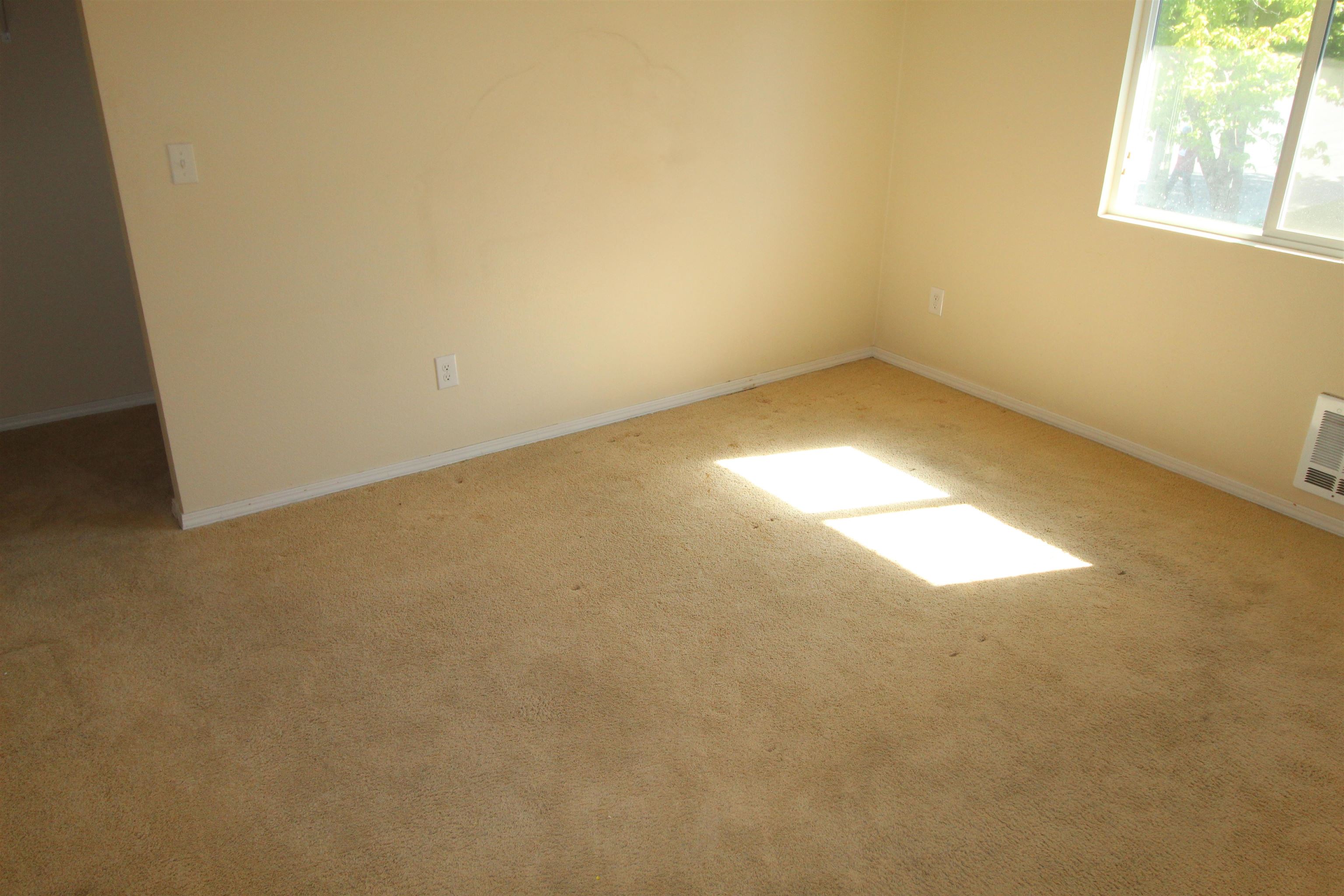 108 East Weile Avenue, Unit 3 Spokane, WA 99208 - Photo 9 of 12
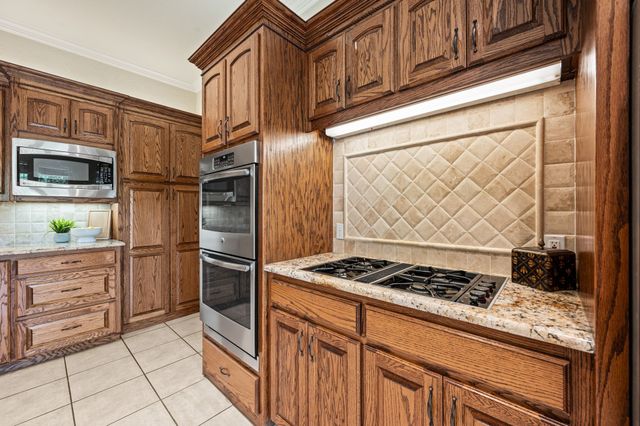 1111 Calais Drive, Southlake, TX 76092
...
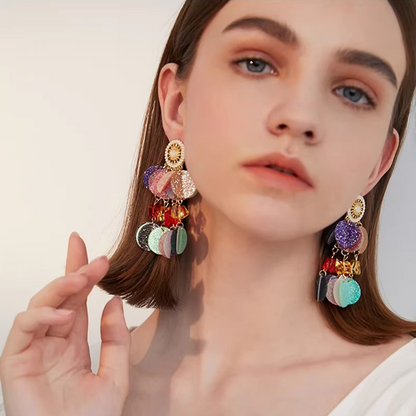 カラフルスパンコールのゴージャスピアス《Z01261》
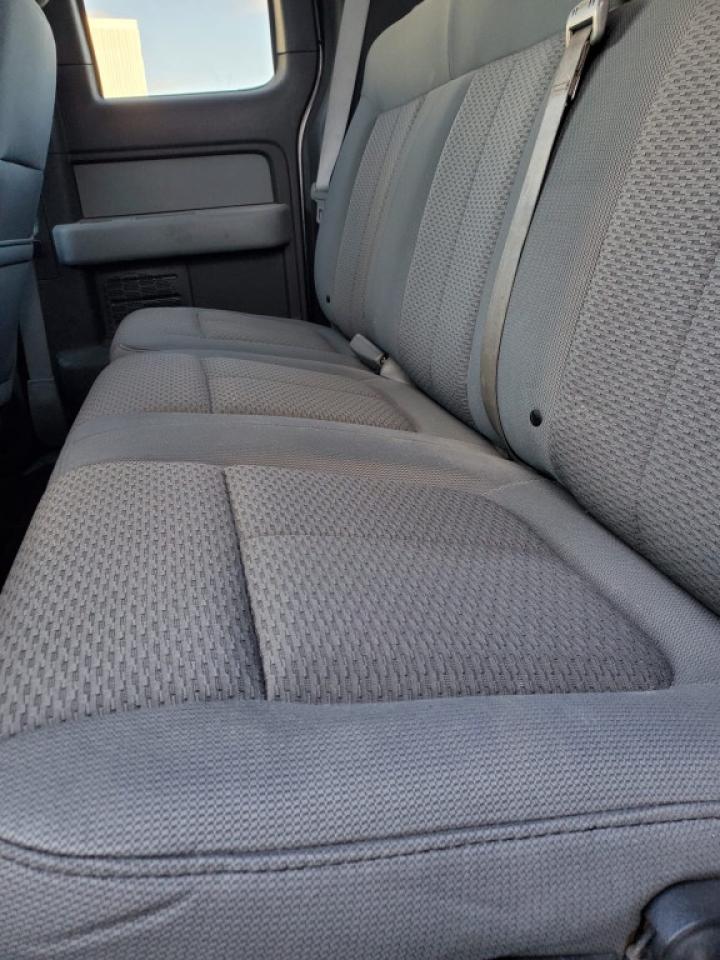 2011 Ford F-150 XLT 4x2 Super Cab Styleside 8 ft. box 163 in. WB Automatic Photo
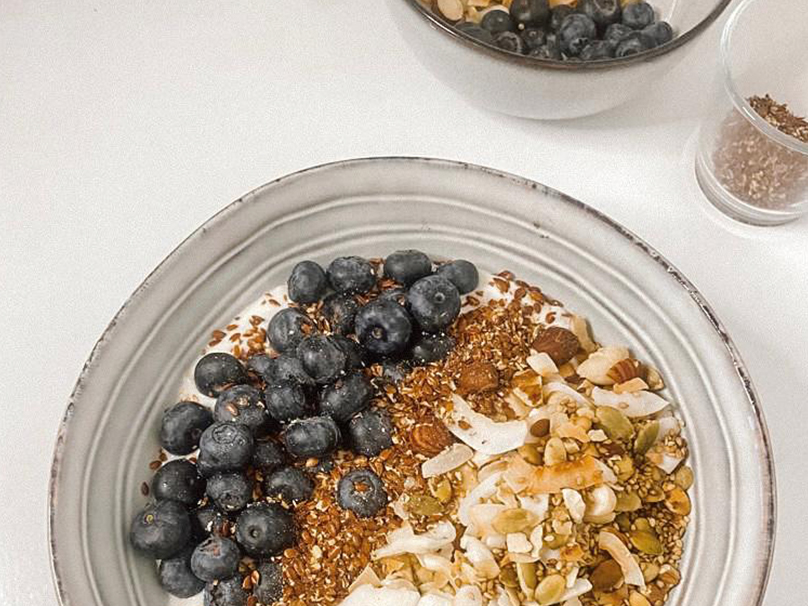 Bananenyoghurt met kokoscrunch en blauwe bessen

:: ASSIGNMENT ::
Starting with the line above that holds "108 East Weile", restate each line word for word up to and including the line that holds "1111 Calais Drive, Southlake, TX 76092". Drop the pictures.

:: REPLY TO THE EXERCISE ::
 108 East Weile Avenue, Unit 3 Spokane, WA 99208 - Photo 9 of 12
 1111 Calais Drive, Southlake, TX 76092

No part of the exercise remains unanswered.